**ASSIGNMENT**:
Output the data below exactly, images excluded.

**RAW DATA**:
----------
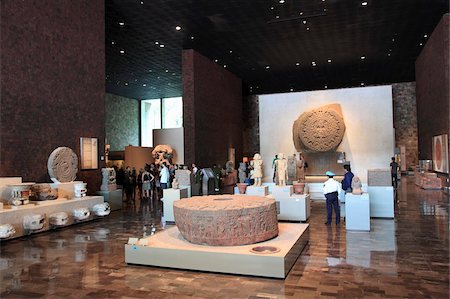 simsearch:841-03868618,k - Aztec Hall, Nationalmuseum für Anthropologie, Mexiko-Stadt, Mexiko, Nordamerika Stockbilder - Lizenzpflichtiges, Bildnummer: 841-05785517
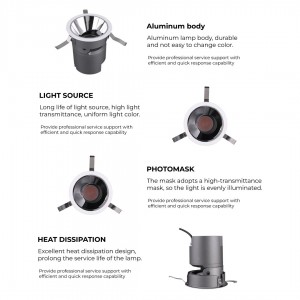 LED-Einbaudownlight Low UGR einstellbar 20W COB IP54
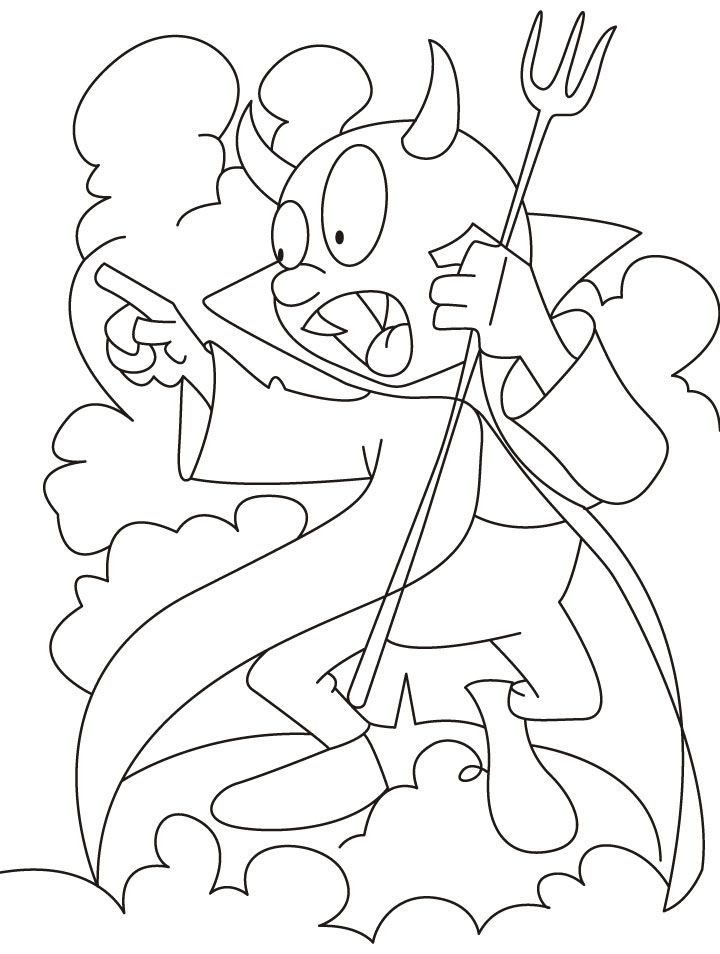 tasmanian devil coloring pages for kids | The Coloring Pages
----------
**EXERCISE ANSWER**:
 simsearch:841-03868618,k - Aztec Hall, Nationalmuseum für Anthropologie, Mexiko-Stadt, Mexiko, Nordamerika Stockbilder - Lizenzpflichtiges, Bildnummer: 841-05785517
 LED-Einbaudownlight Low UGR einstellbar 20W COB IP54
 tasmanian devil coloring pages for kids | The Coloring Pages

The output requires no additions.